• WHAT THIS TASK INVOLVES:
The copy you return should hold only the lines from the top of the data below through the line with "The Complete Chloroplast", each duplicated exactly and with no pictures.

Short text fragments from websites
_ _ _ _
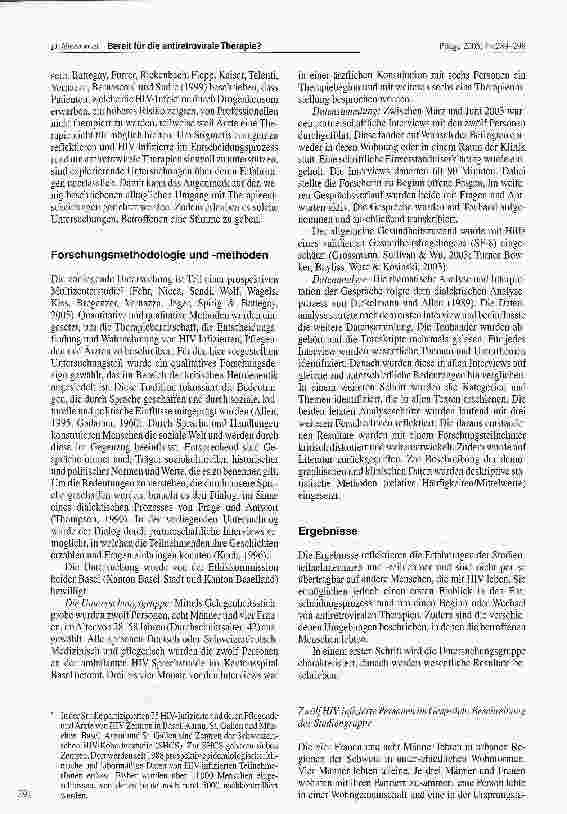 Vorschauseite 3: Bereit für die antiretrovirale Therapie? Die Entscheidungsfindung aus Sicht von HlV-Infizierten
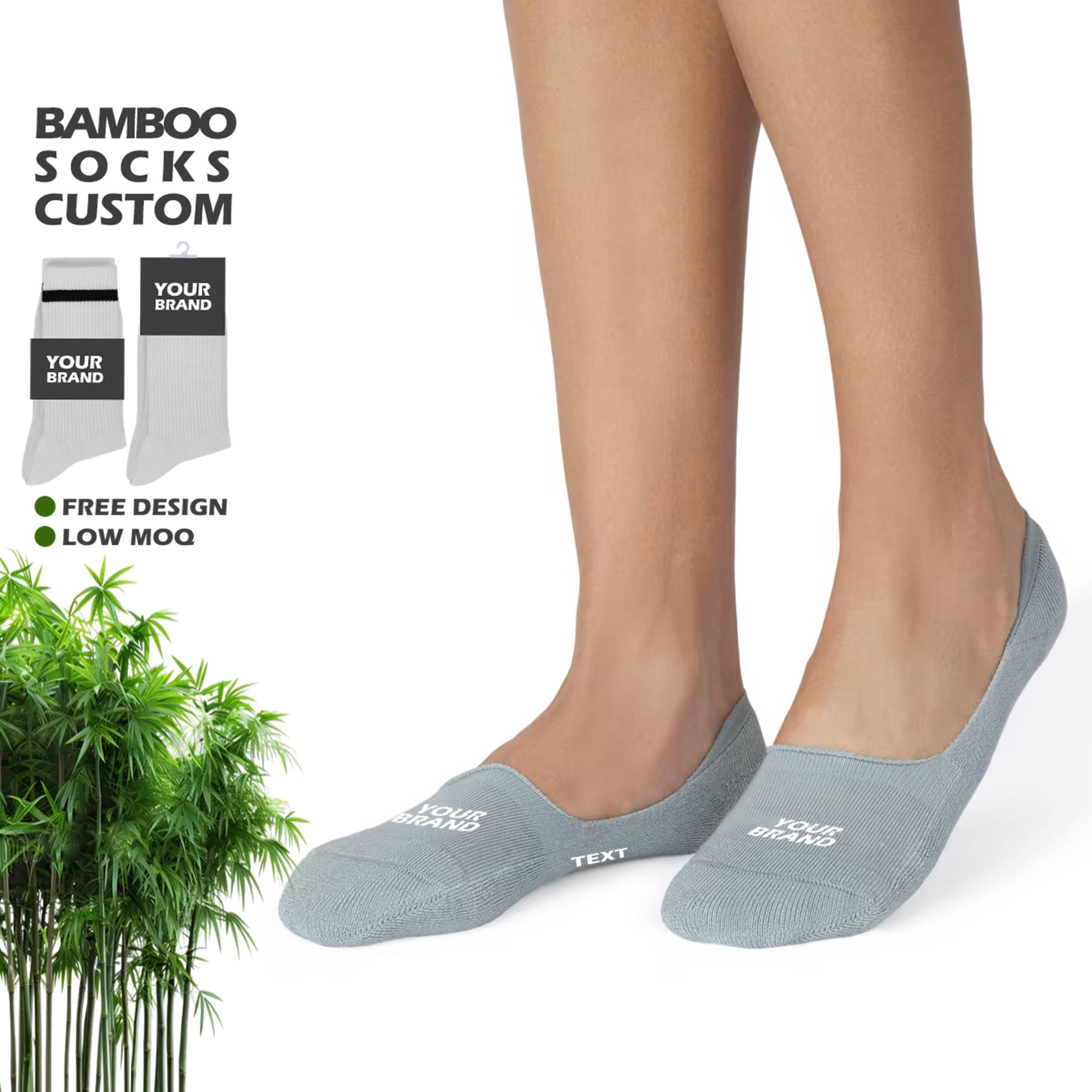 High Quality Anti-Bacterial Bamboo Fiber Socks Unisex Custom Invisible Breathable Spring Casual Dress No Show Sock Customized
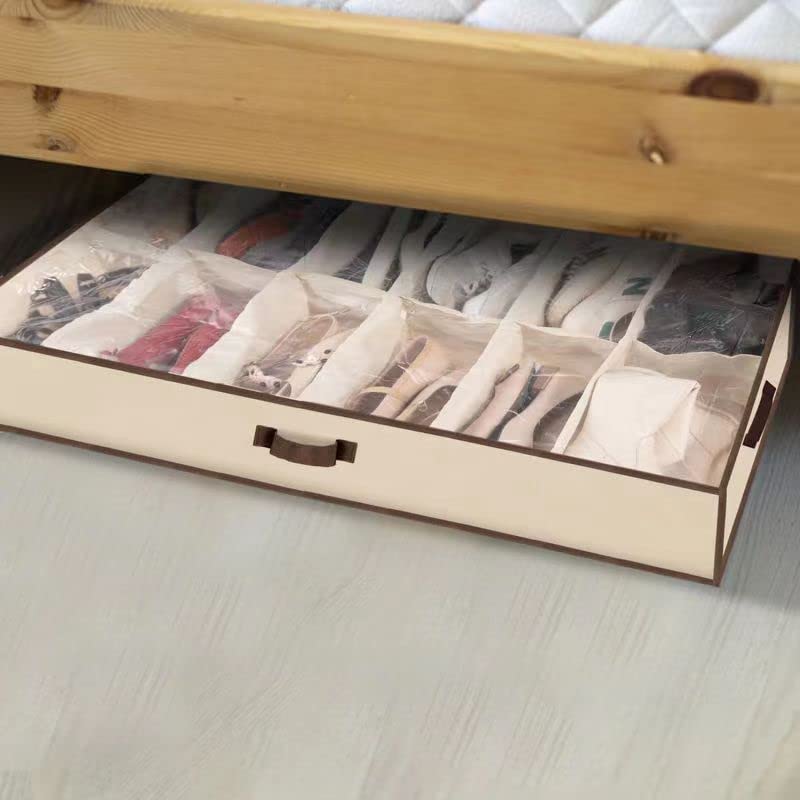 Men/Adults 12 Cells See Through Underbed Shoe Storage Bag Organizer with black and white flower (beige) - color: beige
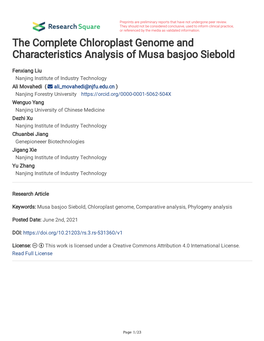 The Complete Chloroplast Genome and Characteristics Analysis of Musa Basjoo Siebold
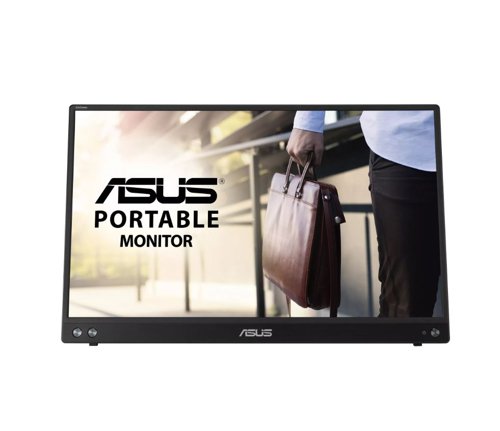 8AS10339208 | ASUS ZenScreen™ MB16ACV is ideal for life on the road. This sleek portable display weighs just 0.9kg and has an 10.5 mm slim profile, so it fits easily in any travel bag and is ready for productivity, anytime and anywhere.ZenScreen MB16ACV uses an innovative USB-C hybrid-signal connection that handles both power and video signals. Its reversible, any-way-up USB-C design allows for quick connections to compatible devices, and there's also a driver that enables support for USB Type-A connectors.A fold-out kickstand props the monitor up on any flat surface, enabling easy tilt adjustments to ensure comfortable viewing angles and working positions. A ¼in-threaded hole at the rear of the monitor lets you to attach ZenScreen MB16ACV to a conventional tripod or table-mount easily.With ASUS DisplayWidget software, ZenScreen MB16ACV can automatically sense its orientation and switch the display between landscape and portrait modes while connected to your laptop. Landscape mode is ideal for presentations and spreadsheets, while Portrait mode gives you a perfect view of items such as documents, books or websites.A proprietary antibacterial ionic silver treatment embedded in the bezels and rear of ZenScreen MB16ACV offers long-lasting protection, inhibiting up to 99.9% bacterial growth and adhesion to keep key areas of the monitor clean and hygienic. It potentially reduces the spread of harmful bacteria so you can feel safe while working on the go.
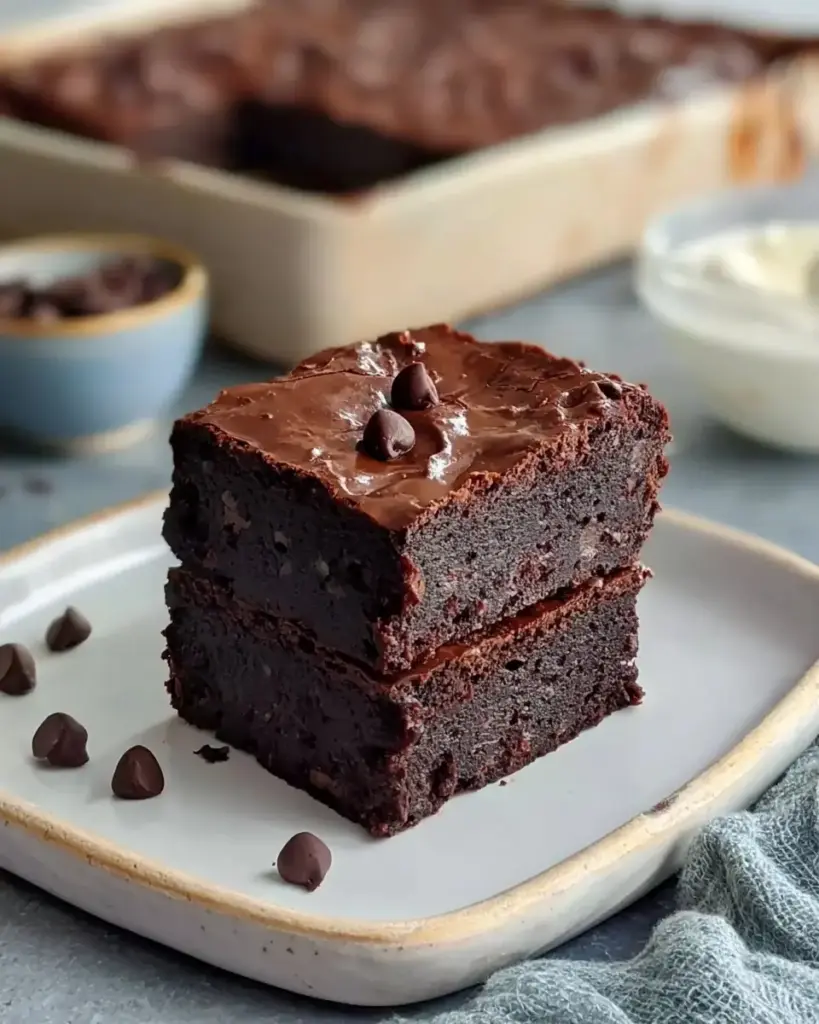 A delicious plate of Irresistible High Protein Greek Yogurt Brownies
_ _ _ _
• TASK SOLUTION:
 Vorschauseite 3: Bereit für die antiretrovirale Therapie? Die Entscheidungsfindung aus Sicht von HlV-Infizierten
 High Quality Anti-Bacterial Bamboo Fiber Socks Unisex Custom Invisible Breathable Spring Casual Dress No Show Sock Customized
 Men/Adults 12 Cells See Through Underbed Shoe Storage Bag Organizer with black and white flower (beige) - color: beige
 The Complete Chloroplast Genome and Characteristics Analysis of Musa Basjoo Siebold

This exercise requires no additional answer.